Would you return, word for word, the lines of the data below from the line with "2018 Toyota Sequoia" through the line with "Sixth view of", and no others?

### RECORDS FOR THIS TASK
======

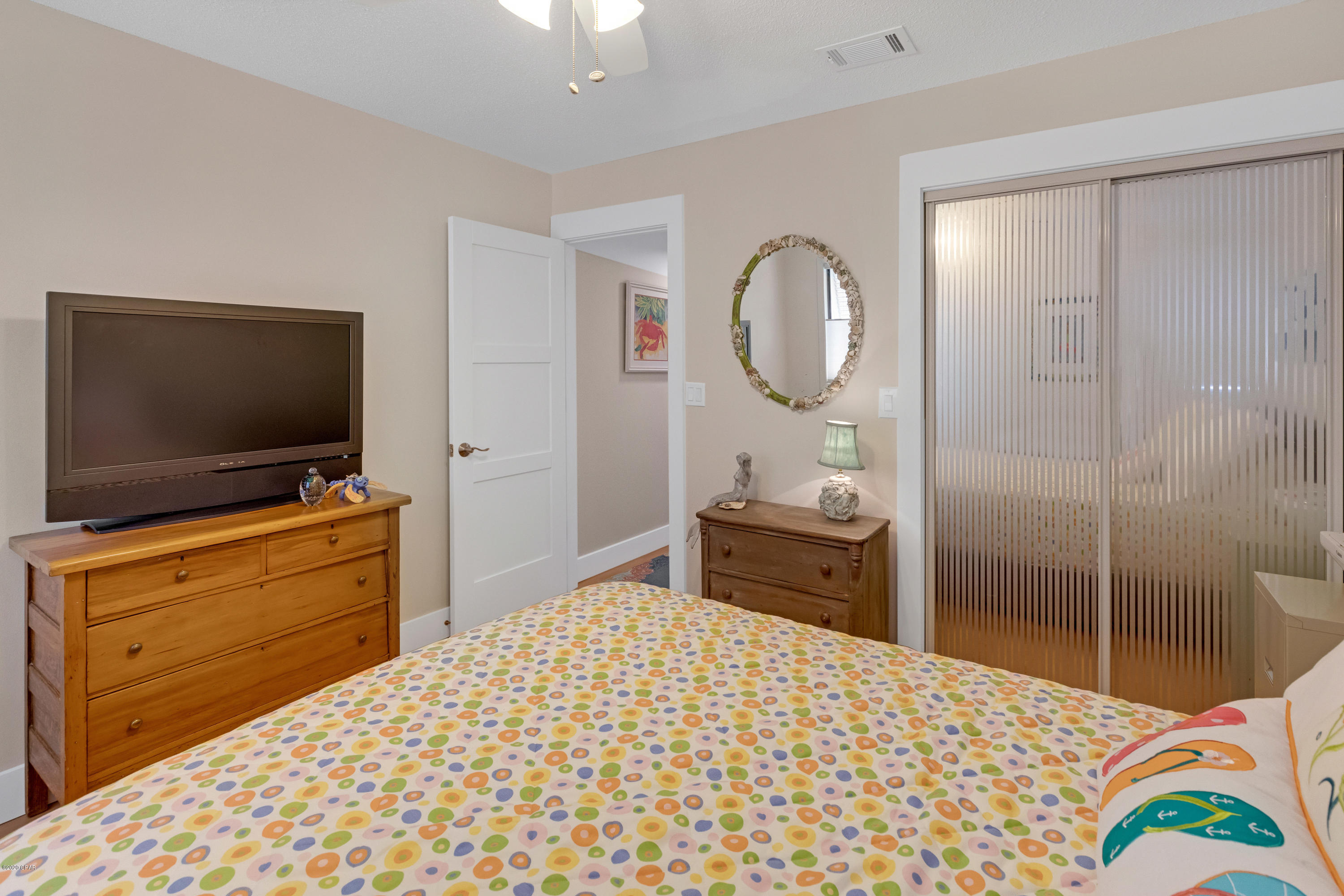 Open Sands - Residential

======

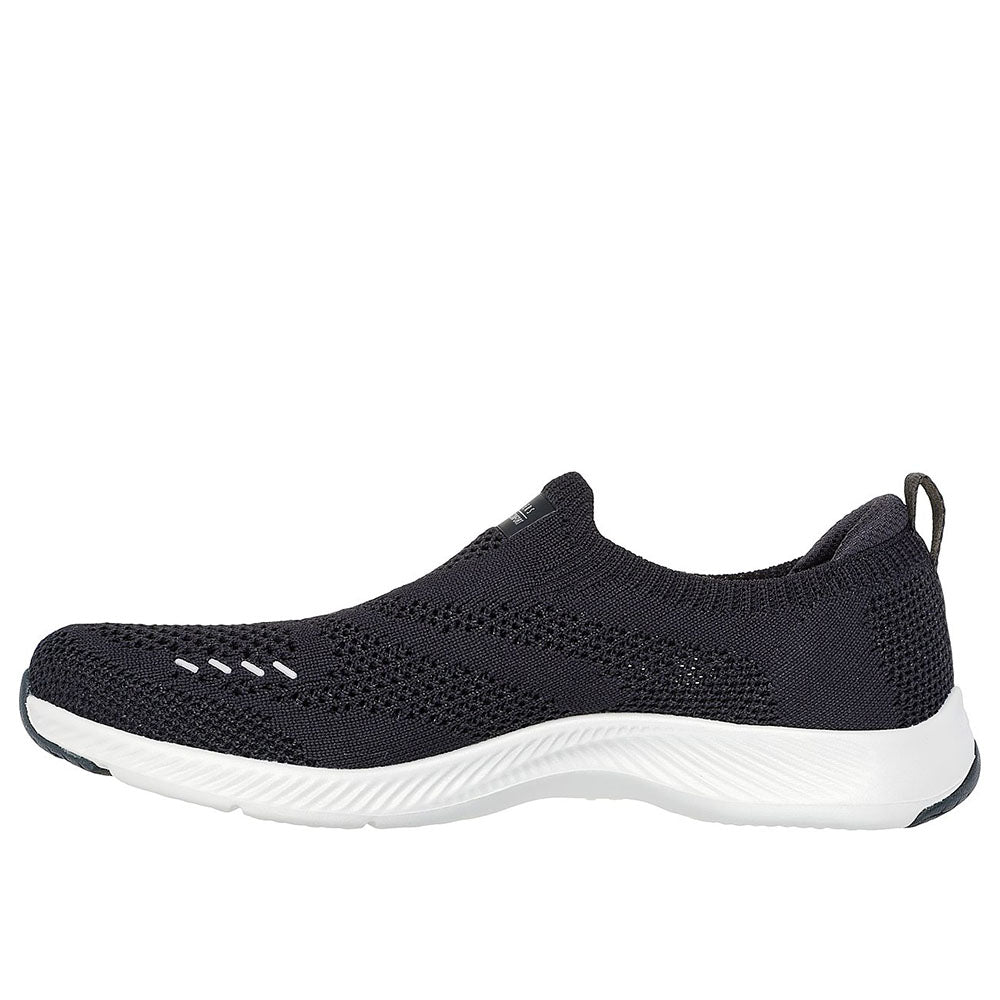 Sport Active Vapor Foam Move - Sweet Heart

======

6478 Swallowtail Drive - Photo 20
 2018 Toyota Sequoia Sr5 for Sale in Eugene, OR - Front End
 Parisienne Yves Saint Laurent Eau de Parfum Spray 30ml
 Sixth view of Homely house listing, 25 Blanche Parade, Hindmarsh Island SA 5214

======

### ANSWER SPACE
 2018 Toyota Sequoia Sr5 for Sale in Eugene, OR - Front End
 Parisienne Yves Saint Laurent Eau de Parfum Spray 30ml
 Sixth view of Homely house listing, 25 Blanche Parade, Hindmarsh Island SA 5214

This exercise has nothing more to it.